Eyestone’s message to his team last week was good news and bad news. The good news: BYU will fund the max roster size of 45 and maintain the status quo of 12.6 scholarships for men and 18 for women (“We were bracing for 35 or 30 rosters,” says a clearly relieved Eyestone); the bad news: The size of the rosters will be reduced significantly.
“The meeting went better than anticipated,” says Eyestone. “People were prepared for worse news. We’ll have to cut about 15 from the men’s side and 18 from the women’s side — 28% of the team.”
More specifically, for both the men’s and women’s teams Eyestone will allot just over half of the roster spots to distance and middle-distance runners, with the remainder being divided among sprinter/hurdlers, throwers and jumpers/multis.
“We are going to focus on our strengths,” says Eyestone.
The rosters are heavily tilted toward distance runners because of their immense success (the school will also allow the max limit of 17 for cross-country rosters, which are part of the 45 in track).

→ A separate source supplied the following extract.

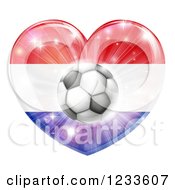 Poster, Art Print Of Reflective Netherlands Flag Heart And Soccer Ball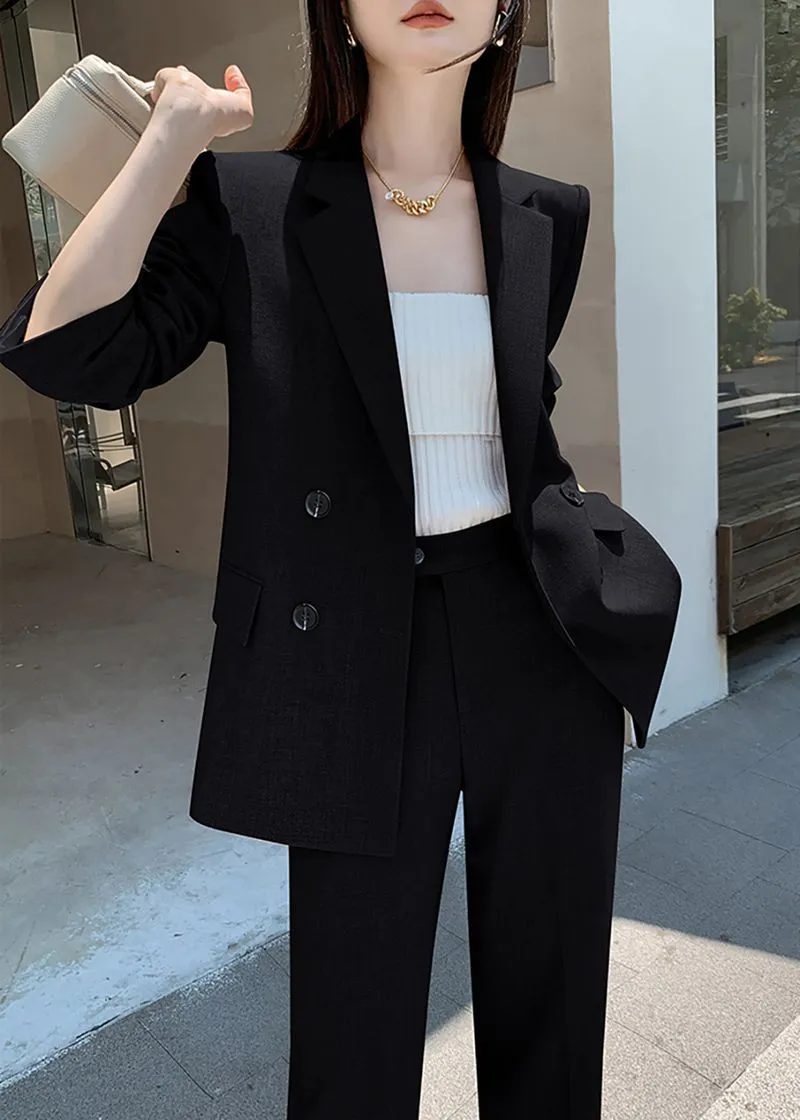 Double Breasted Blazer Wide Pants Suit Two-Piece Set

The women have finished among the top two at the NCAA cross-country championships four times in the last seven years, winning twice. The men have placed in the top three at the NCAA championships six times in eight years, also winning twice.
The school’s former athletes also have brought the school considerable attention. Conner Mantz and Clayton Young are the top two marathoners in the U.S., and Mantz set the U.S. half-marathon record this winter. Whittni Morgan has won two races against world-class competition this winter, beating Olympians and an Olympic silver medalist.
The biggest shame of all the changes is that they will, for all practical purposes, eliminate the walk-on in collegiate sports and those willing to compete for small, partial scholarships; in other words, still-developing prospects who might have unrealized potential (it also will eliminate those who merely want to participate, for nothing — Rudy would not be Rudy for Notre Dame in the new era). Few schools have had more success with those athletes than BYU.
For decades, BYU has attracted athletes who were willing to compete for little or no scholarship money, and those teams have benefitted greatly from it. Some have even passed up scholarship offers from other schools to walk-on at BYU because of the affordable tuition, the culture, the low cost of living, the facilities and the excellence of the teams. That’s how the school has been able to field strong teams across all events on the NCAA limit of 12.6 scholarships for 21 events. Now such athletes will be turned away for the most part.
“Yes, we will always find a spot for someone who shows up out of nowhere and can beat a bunch of guys on our roster, but we will be much more careful with who has a spot on the roster,” says Eyestone. “The days of taking a flier on a kid who might have potential with some work are done. They need to already be developed … We’re going to see less development, less opportunity for development of athletes.
“In the past we could take a flier on a Kenneth Rooks or a James Corrigan. They maybe wouldn’t have made the 45 cut by today’s standards. I like to think my eye would have recognized a future silver medalist, though (referring to Rooks).
” … At BYU, we would rather have more on the roster than more scholarships. BYU’s strength is that the administration has allowed us to have one of the bigger rosters in the country. We’ve been in the mid-60s for the last 10 years and sometimes 70.”
The changes are all driven by NIL and the new challenges of paying athletes in the money-making sports of football and basketball. “We know who pays the bills,” says Eyestone. “We want them to (succeed). There are no hard feelings.”